Leon Fink, editor of Labor: Studies in Working-Class History of the Americas, wrote an op-ed in this weekend's News and Observer about Wisconsin's history of progressive economic reform in the early 20th Century and its relationship to the current events taking place there:
"It was a formula that soon made Wisconsin the envy of the nation on questions ranging from taxation to industrial relations to land use policy. All told, the Wisconsin Idea suggested that through a close working relationship among major stakeholders, as pioneer labor economist John R. Commons put it, "order, intelligence, care, and thought could be exercised by the state.
Even when Republican 'Stalwarts' took back the state from party 'Progressives' in 1914, they maintained the foundations of the Wisconsin Idea. Public employee bargaining, which did not come about until 1959, thus continued the spirit of accommodating conflicting interest groups through a formal dispute resolution process.
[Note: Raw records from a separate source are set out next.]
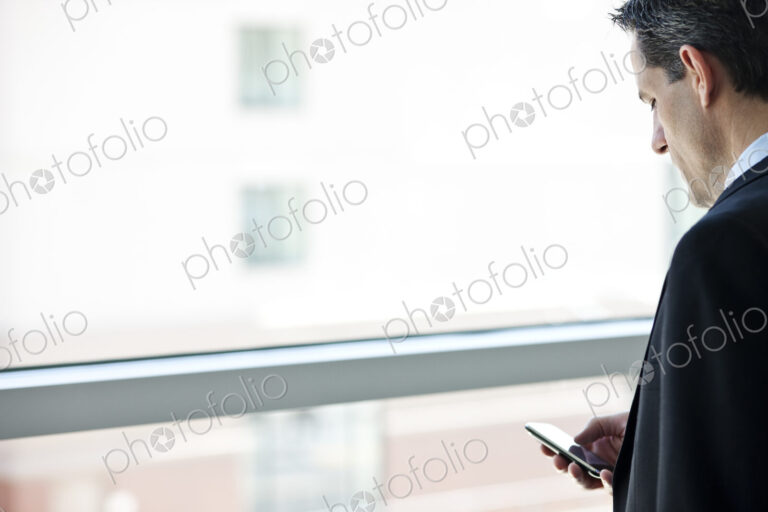 Caucasian businessman checking his cell phone in a conference centre lobby.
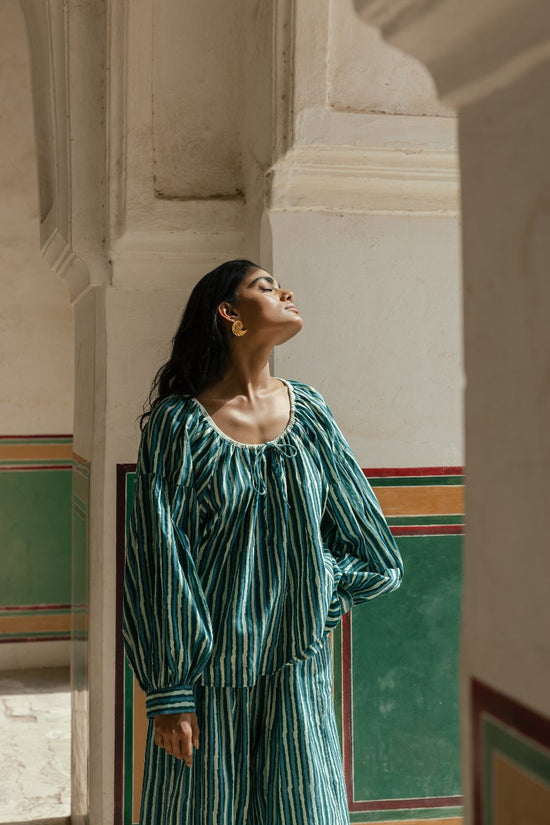 Ria Blouse Cyan Candy — lifestyle doorway portrait, model standing in colourful architectural setting wearing cyan and dark stripe hand block print cotton blouse, artisan Jaipur India | Daughters of India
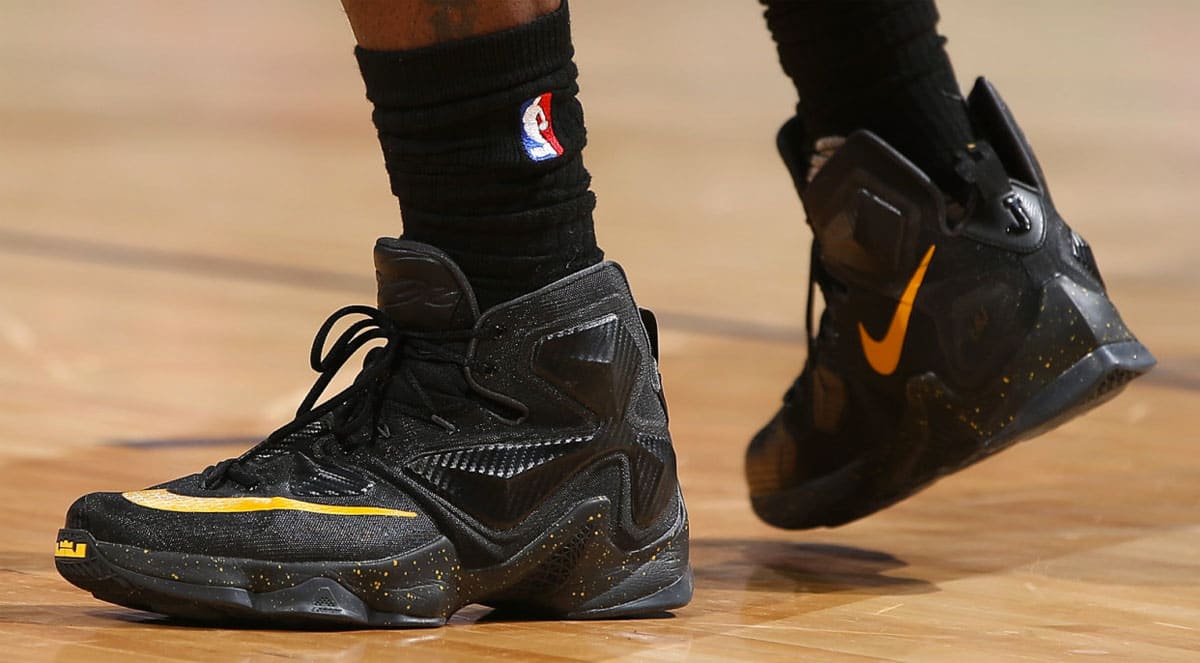 LeBron James Wearing a Black/Yellow Nike LeBron 13 PE ...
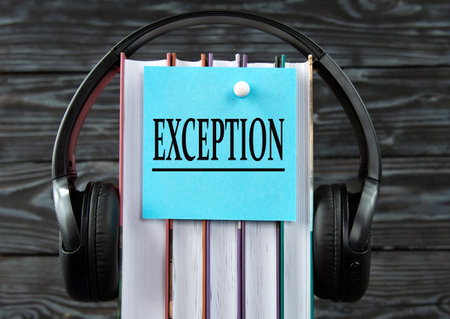 EXCEPTION - word on a blue piece of paper on the background of a stack of books and headphones....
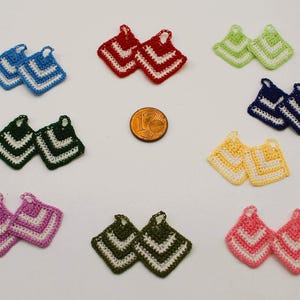 May include: A selection of colourful, handmade crochet potholders. The potholders are square-shaped with a chevron pattern in white, and come in shades of blue, red, green, yellow, pink, and dark green. Each has a small loop.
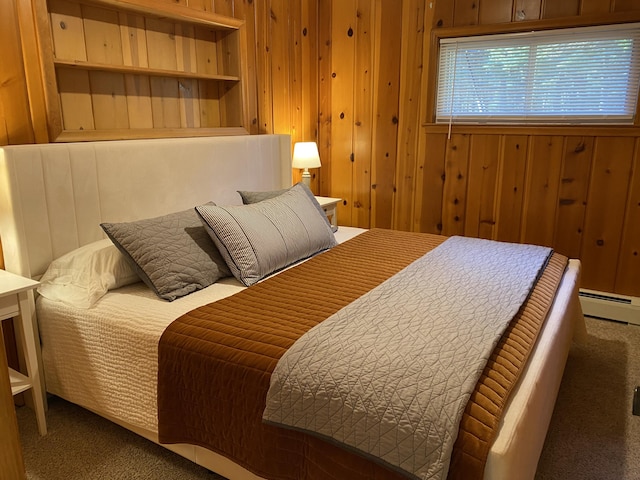 carpeted bedroom with wooden walls and a baseboard radiator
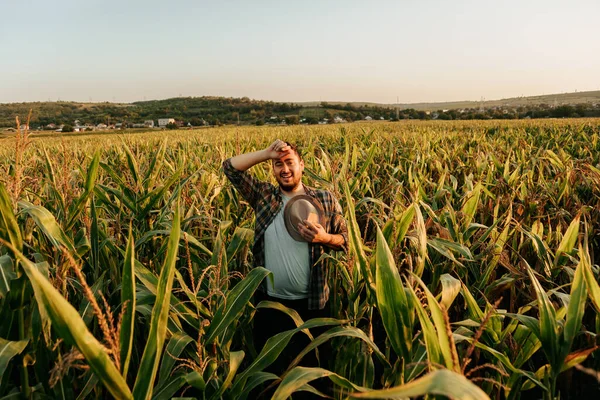 Tired young man stand in corn field, took off hat, wipes sweat from forehead, front view, looking away. Joyful farmer finished harvesting work, field background. Copy space.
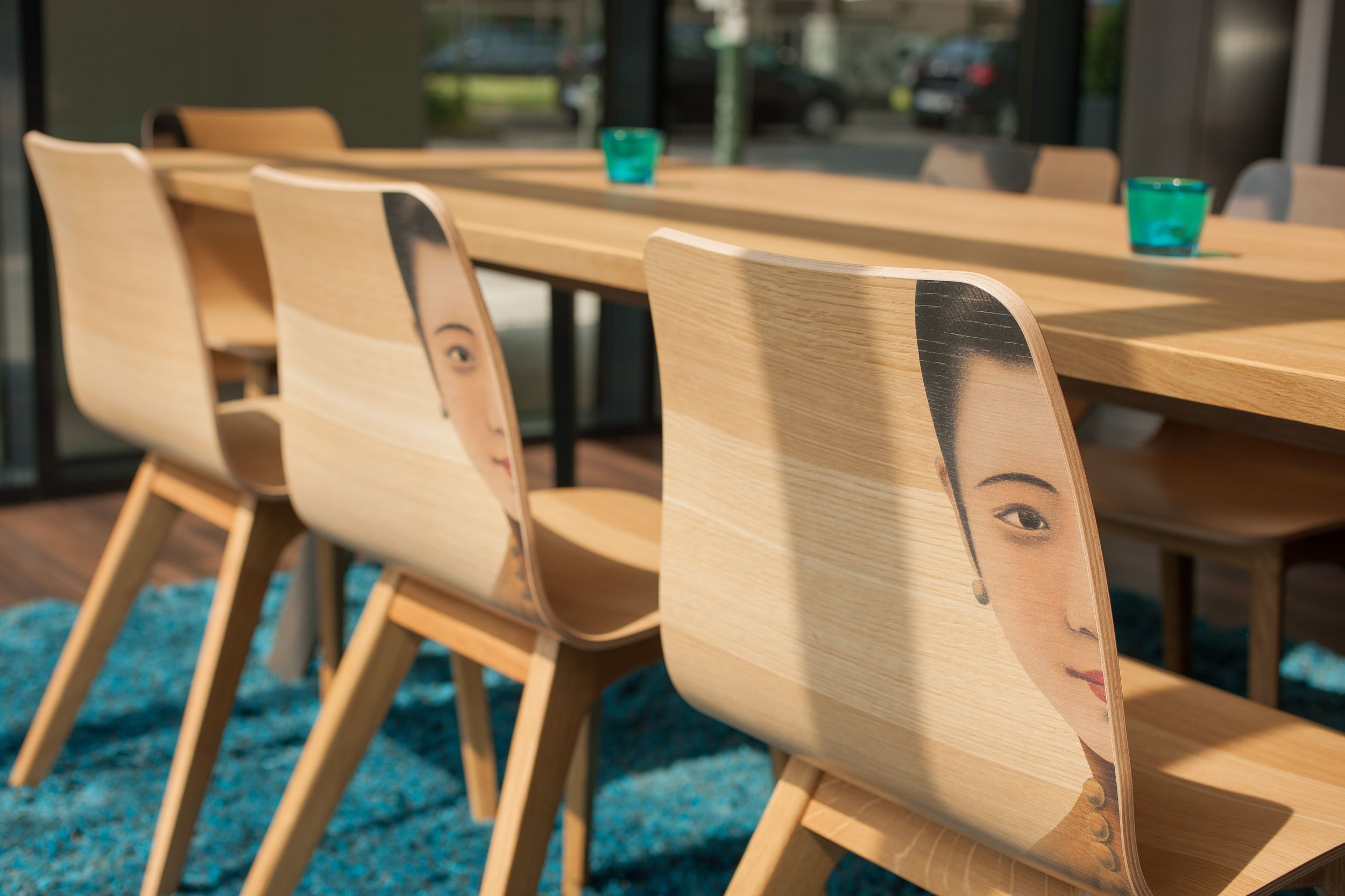 Hotel Düsseldorf Hauptbahnhof Motel One Tisch mit Stühlen, auf denen das halbe Gesicht einer Frau zu sehen ist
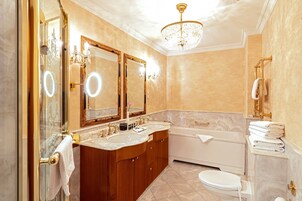 Un baño lujoso con tocador doble, un espejo grande, una araña y una bañera.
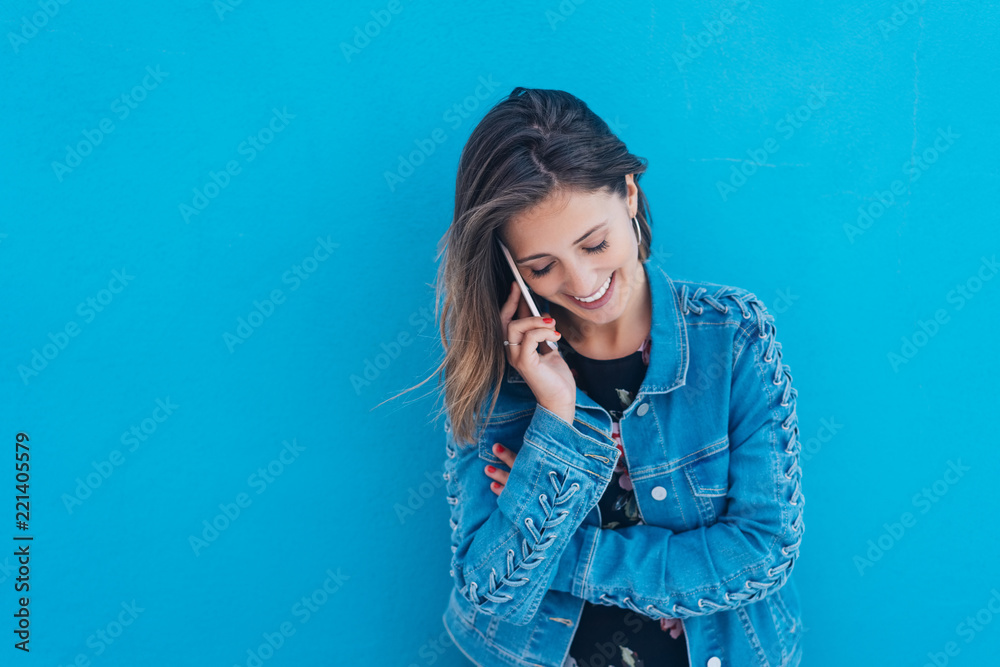 Young woman talking on her mobile outdoors Young woman talking on her mobile outdoors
Alas, Gov. Scott Walker and today's Wisconsin Republicans have responded quite differently to the challenges of economic dislocation and fiscal crisis. Identifying the state's problem only as a matter of the budget gap (rather than a larger question of economic development), they refuse to countenance tax increases or reforms that might alleviate the fiscal squeeze. Instead, they have singled out one group of citizens - public sector employees - for sacrifice, not only determined to cut salaries and benefits but to strip them of long-established collective bargaining rights.
Rather than engage the unions in multi-party negotiation or begin with a nonpartisan commission to assess alternative budget remedies - this, at a time when only a month ago, the legislature gave away enough money in tax breaks to nearly make up the state's deficit - they have acted in unilateral haste.
As a result, today's Republicans have surely reaped the whirlwind. Not only union pride but a basic American sense of fairness bristles when one productive and hard-working sector of the population is made to "pay" for the sins of everyone else. Moreover, when a so-called "emergency" is manipulated for partisan and ideological use, state authorities threaten the very legitimacy of their own tenure in office.
Amid today's rancor and stalemate, with many classrooms as well as offices shuttered by civil discord, might it not serve all the state's representatives - beginning with the governor - to take time out for a family history lesson?"